__WORK TO BE COMPLETED__: From the line containing "1941 Walking Liberty" onward, retype each line of the entries below exactly, last line included.

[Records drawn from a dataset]
::::::

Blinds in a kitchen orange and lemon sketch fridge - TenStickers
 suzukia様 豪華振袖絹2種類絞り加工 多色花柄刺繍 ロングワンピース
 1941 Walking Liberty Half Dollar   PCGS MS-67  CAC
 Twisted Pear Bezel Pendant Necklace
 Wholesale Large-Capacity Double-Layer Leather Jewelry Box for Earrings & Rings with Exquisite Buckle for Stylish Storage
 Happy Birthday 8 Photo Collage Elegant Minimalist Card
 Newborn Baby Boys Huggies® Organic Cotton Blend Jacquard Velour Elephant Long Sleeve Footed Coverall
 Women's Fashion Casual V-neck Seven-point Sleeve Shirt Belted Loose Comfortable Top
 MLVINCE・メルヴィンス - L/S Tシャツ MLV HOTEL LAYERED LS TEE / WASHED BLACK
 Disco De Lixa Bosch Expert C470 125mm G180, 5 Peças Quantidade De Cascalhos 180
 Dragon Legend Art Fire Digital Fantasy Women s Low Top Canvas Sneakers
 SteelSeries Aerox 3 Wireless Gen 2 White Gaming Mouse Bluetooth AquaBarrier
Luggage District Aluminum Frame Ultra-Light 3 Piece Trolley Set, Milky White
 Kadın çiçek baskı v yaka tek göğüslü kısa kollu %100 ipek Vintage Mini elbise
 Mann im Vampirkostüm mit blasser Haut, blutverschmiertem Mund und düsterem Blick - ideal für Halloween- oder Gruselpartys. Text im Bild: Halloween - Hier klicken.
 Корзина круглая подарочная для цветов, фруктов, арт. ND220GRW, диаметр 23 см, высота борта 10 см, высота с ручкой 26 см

::::::

__WRITTEN SOLUTION__:
 1941 Walking Liberty Half Dollar   PCGS MS-67  CAC
 Twisted Pear Bezel Pendant Necklace
 Wholesale Large-Capacity Double-Layer Leather Jewelry Box for Earrings & Rings with Exquisite Buckle for Stylish Storage
 Happy Birthday 8 Photo Collage Elegant Minimalist Card
 Newborn Baby Boys Huggies® Organic Cotton Blend Jacquard Velour Elephant Long Sleeve Footed Coverall
 Women's Fashion Casual V-neck Seven-point Sleeve Shirt Belted Loose Comfortable Top
 MLVINCE・メルヴィンス - L/S Tシャツ MLV HOTEL LAYERED LS TEE / WASHED BLACK
 Disco De Lixa Bosch Expert C470 125mm G180, 5 Peças Quantidade De Cascalhos 180
 Dragon Legend Art Fire Digital Fantasy Women s Low Top Canvas Sneakers
 SteelSeries Aerox 3 Wireless Gen 2 White Gaming Mouse Bluetooth AquaBarrier
Luggage District Aluminum Frame Ultra-Light 3 Piece Trolley Set, Milky White
 Kadın çiçek baskı v yaka tek göğüslü kısa kollu %100 ipek Vintage Mini elbise
 Mann im Vampirkostüm mit blasser Haut, blutverschmiertem Mund und düsterem Blick - ideal für Halloween- oder Gruselpartys. Text im Bild: Halloween - Hier klicken.
 Корзина круглая подарочная для цветов, фруктов, арт. ND220GRW, диаметр 23 см, высота борта 10 см, высота с ручкой 26 см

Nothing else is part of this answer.